By Michael Adam Cohen in San Diego, California


A tribute to the dance floor as temple, music as medicine, and disc jockeys as modern-day healers.
I have seen the incredible DJ duo over a dozen memorable times. This time I met The Perry Twins–Doug and Derek–at The Brass Rail, a historic gay bar in the Hillcrest neighborhood of San Diego. Not in a boardroom or a backstage corridor, but in a space that felt more like a beit midrash after midnight, where questions are sacred, stories are inherited, and truth is carried not in books alone, but in vibration.
In Jewish tradition, legacy does not end when a body leaves the world. It becomes echo. It becomes resonance. It becomes a nigun, a wordless melody passed from soul to soul. Although The Perry Twins are non-Jews from Los Angeles, that is where this story begins.
We speak first of those who came before. Junior Vasquez, a divine disruptor who turned clubs into cathedrals of release. Peter Rauhofer, whose sound felt like revelation, a sudden opening in the sky. Avicii, a reminder that even the brightest lights can burn silently from within. In Judaism, we say zichronam livracha, may their memory be a blessing. The Twins do not speak of these legends as influences alone, but as teachers. Each beat learned from them carries responsibility. Each set becomes an act of remembrance. Not imitation, but elevation. Not nostalgia, but continuation.
Their return to The Brass Rail over Memorial Day was not simply a performance. The room transformed. In Jewish life, memory is never passive. We do not remember by standing still. We remember by moving, by dancing, by choosing life again and again. That weekend, the dance floor became a living memorial. A place where grief softened into gratitude, where bodies moved not away from pain, but through it. The Twins curated not simply tracks, but a journey. Past and present braided together, sorrow alchemized into sweat, joy rising like incense.

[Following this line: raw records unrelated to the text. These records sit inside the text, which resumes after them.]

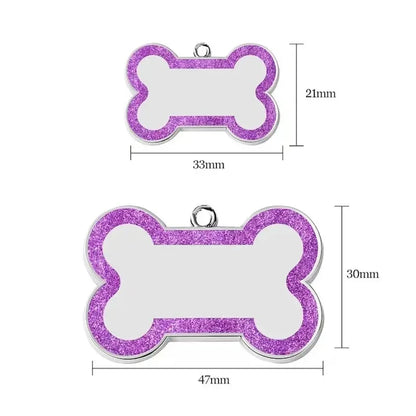 Customize Double-Sided Dog & Cat ID Tag - Glitter Design, Anti-Lost Bone Shape Essential Pet Collar Accessory for Identification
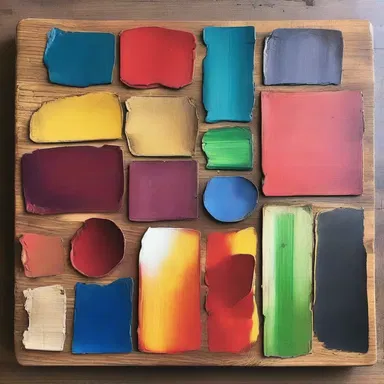 The artist used a wooden palette to mix and blend the colors together.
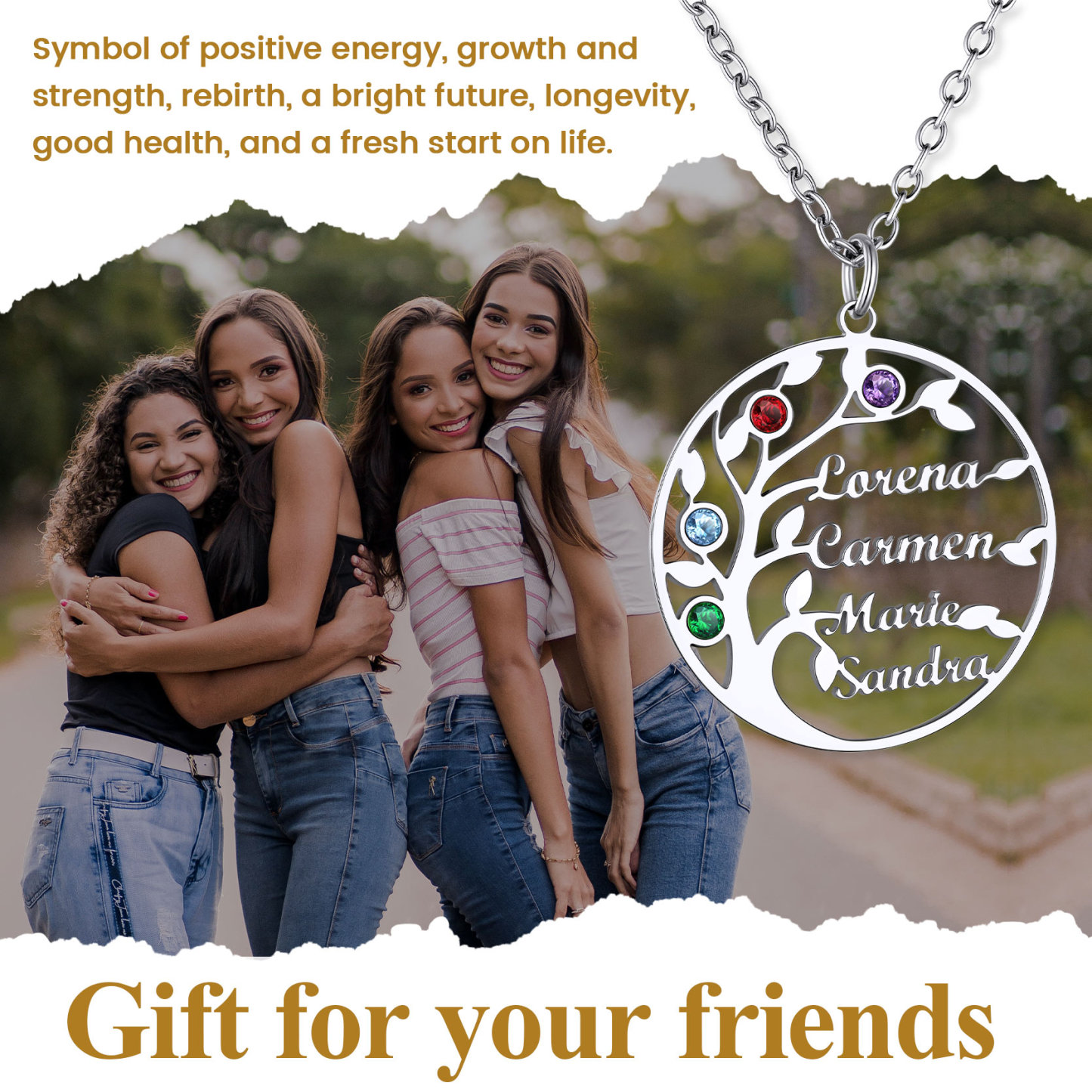 Custom Birthstone Name Plate Family Tree Necklace 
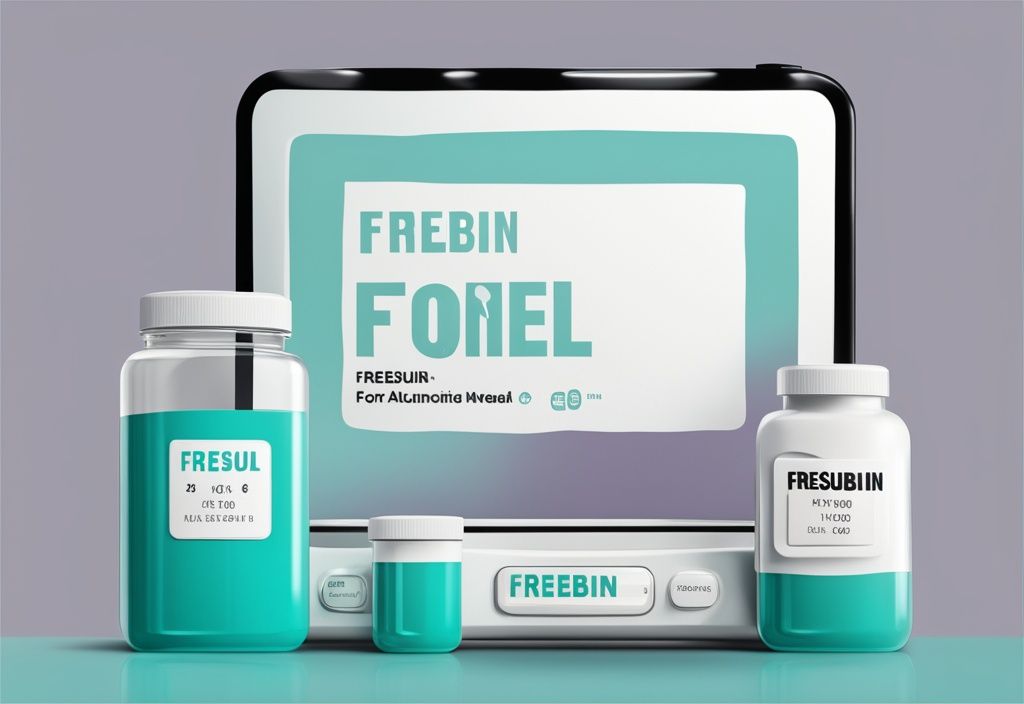 Moderne digitale Malerei mit zwei Nahrungsergänzungsmittel-Flaschen, Fresubin und Fortimel, auf einer Waage, Hauptfarbthema Teal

They tell me that before every set, there is intention. Quiet, unseen. Like lighting Shabbat candles behind closed eyes. They ground. They breathe. They dedicate the night. In Kabbalah, sound is creation. God speaks, and the world comes into being. The Twins understand this instinctively. They do not just play music. They transmit safety. They architect emotional permission. They build temporary Jerusalems where strangers remember they belong to one human family.
Their new original single, “Down Under,” created with Bowie Jane, feels like Purim energy. Unmasked truth. Playful defiance. Joy that refuses to apologize. It emerged, they say, from a place of freedom reclaimed. The message is simple and radical: you are allowed to be delighted in yourself. In a world that profits from shame, that is a holy act.
When they speak about remixing Jules Liesl’s “Cherry,” their language turns reverent. Remixing, to them, is midrash. Listening deeply to what is already there, then revealing another layer of meaning. They know a remix has crossed into reawakening when the original spirit smiles back at them, transformed but intact.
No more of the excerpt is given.